Byron: A Life by Leslie Marchand, Alfred A. Knopf, (1957)

You are brilliant but unpleasant!
— Ada Byron Lovelace to Charles Babbage

Photos by Matt Kamimura

You can thank socialite Ada Byron and scientist Charles Babbage for all the electronical devises we treasure so dearly today. Whether it’s the computer, tablet, CD player, and additional features onto cell phones, Byron and Babbage deserve credit in foreseeing what the future would look like. Their viewpoints on how the future would be like was uncanny. Perhaps farfetched, when you consider the time they were living in. However, nonetheless, they were both pretty accurate. Look at all we have in the 21st century now. Pretty cool for sure.

Augusta Ada King née Byron (later Countess of Lovelace) was the poet’s Lord Byron legitimate children. His complex reputation has passed on to his strong-willed independent daughter. Her mother Anabella Byron (Denise Nicholson is wonderful as Ada’s overprotective mother) attempts tirelessly to separate Ada from literature and into math and science. Helping her with this new goal is suitor Lord Lovelace (Gregory Crafts pulls double duty in acting and in charge of the lighting design). He’s desperately in love with Ada and is on board on separating the soulmates.

  I am such a strange mélange of good and evil that it would be difficult to describe me.
Byron: A Life by Leslie Marchand, Alfred A. Knopf, (1957)

He makes an impassioned speech on why he and Ada were meant to be together. Ada isn’t trying to hear it. Her heart belongs to Babbage and her mind to science and mathematical equations. Babbage in return fills Ada’s mind with his latest invention the “analytic engine” which will unite both the technical and art world. It’s this consummation of the mind that leads to the path to bigger and better things for the incoming future. The “bride of science” corresponds with Babbage through an almost archaic tradition— letters going back and forth. Personally, they are both at the bottom of the scope of human contact. They speak about math and science as romantic as a Shakespearean sonnet. It’s exciting to observe and hear how they speak technical talk with energy and fervor.
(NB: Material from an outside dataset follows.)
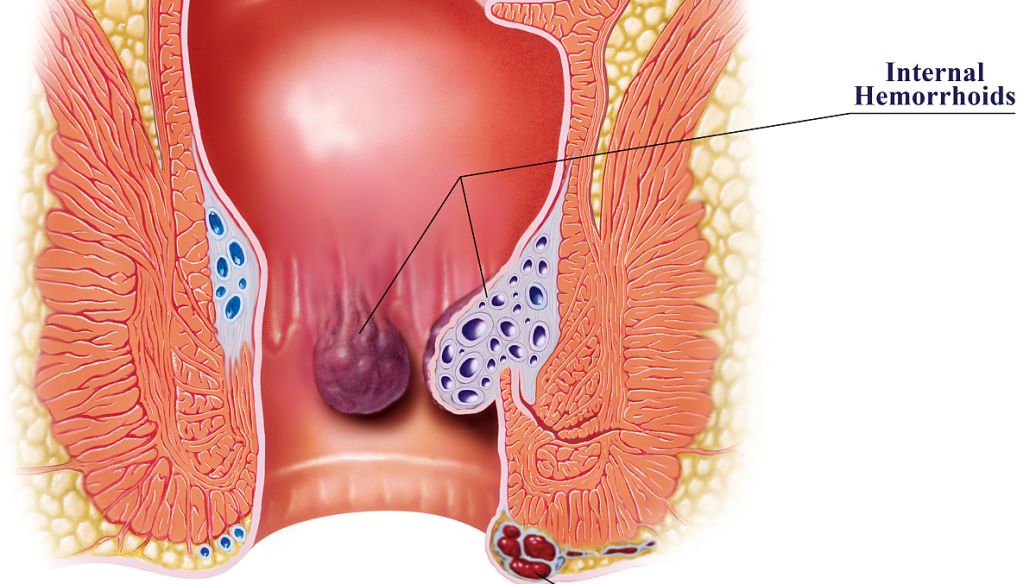 消痔汤真的能消痔吗,消痔汤治疗内痔可以吗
Jessie Sherman is simply phenomenon as the reluctant heroine. She’s my new favorite actress! As Ada, she loves math and its intensity. God bless her tenacity for wanting to learn more. She shows of her prowess for the subject with high energy. Sherman is passionate and without shame. Her quest for more knowledge is what Babbage can provide. Alex Knox, is also passionate but with more of a lid to subdue it. He goes from being excited to calming his enthusiasm down. He does the same with down-playing is love for Ada. Knox exudes a scientific mind with hints of underlying amorous side that only Ada can see and reciprocate. She briefly meets with her “immoral” father Lord Byron (Casey Hunter’s few moments on stage is dynamic and unforgettable) and they forge a precious bond. They are highly excited to see each other as adults. Both father and daughter passed away at age 36.

Writer Lauren Gunderson does an excellent job in eloquently telling the story of two people, whose desire in mathematics and life was bigger than them. Gunderson takes time to quickly establish their love for each other by feeding their hunger in math and science and then end up falling with their hearts. She didn’t use too many mathematics equation speak, but makes it understandable through the heart. Sherman and Knox make a great pair. Being attractive, witty, and brilliant makes it more precious. Knox fits the tall and handsome model, whereas, Ada, is the petite but filled with fire in her belly heroine who is both charming and delightful. Like other star-crossed lovers, such as Cyrano de Bergerac and Roxane, come to mind, they stand together on their obsession with science and each other. Truly inspiring and encouraging from perfect start to flawless finish.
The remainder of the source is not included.